The day-use/picnic area is west of the campground, also along the Similkameen. It features 19 tables and a 29 car parking lot. Many of the tables are spread out amidst two old growth Douglas fir which provide ample shade on hot days while the remainder are found along a strip of lawn shaded by smaller deciduous trees and overlooking the river. The lawn is not irrigated. There are two pit toilets, one of which is wheelchair accessible. There is no tap in the day-use area. Concrete stairs lead from the parking lot down to the river and a large beach of fine sand. After spring freshet when water levels are lower, the rocky bluffs that jut into the river create a quiet pool, perfect for swimming. The beach is quite large throughout the summer, though size varies with water level.
Pit or Flush Toilets
This park has 4 pit toilets in the campground and 2 pit toilets in the day-use area. There are no flush toilets.

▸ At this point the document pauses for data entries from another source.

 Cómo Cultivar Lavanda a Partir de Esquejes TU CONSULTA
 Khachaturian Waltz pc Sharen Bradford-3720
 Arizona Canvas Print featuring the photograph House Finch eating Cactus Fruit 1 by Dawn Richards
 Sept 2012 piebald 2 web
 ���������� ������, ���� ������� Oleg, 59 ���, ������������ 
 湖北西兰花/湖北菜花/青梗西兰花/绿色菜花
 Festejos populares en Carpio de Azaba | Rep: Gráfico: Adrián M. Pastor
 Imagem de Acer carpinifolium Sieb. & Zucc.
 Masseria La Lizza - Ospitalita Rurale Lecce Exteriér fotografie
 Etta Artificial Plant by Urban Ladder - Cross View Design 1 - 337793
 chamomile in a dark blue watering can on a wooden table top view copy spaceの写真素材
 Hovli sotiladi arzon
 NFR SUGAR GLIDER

Vehicle Accessible Camping
This park offers 17 vehicle accessible campsites. There are three pull-through sites but no doubles. Campsite reservations are accepted and first-come, first-served sites are available. If no staff are present, campers can self-register and put their fee in the self-registration vault. There is no fee in the off season. The sites are mid-sized and shaded by large Douglas fir, though the understory is sparse leaving the campground quite open and limiting privacy somewhat. Half of the sites are situated along the top of the river bank and the gravel pads have been raised above the surrounding terrain. The slope to the river is steep. The closest store is in Hedley, roughly 15 km east of the park, or Princeton, 21km west. The park has no phone.
Vehicle Accessible Camping Fee: $21.00 per party / night
BC Senior’s Rate (day after Labour Day to June 14 only): $10.50 per senior party/night. Read the User Fees Policy for information on Senior Camping Discounts.
One pit toilet in the campground and one in the day-use area are wheelchair accessible. Roads and paths to the pit toilets are paved.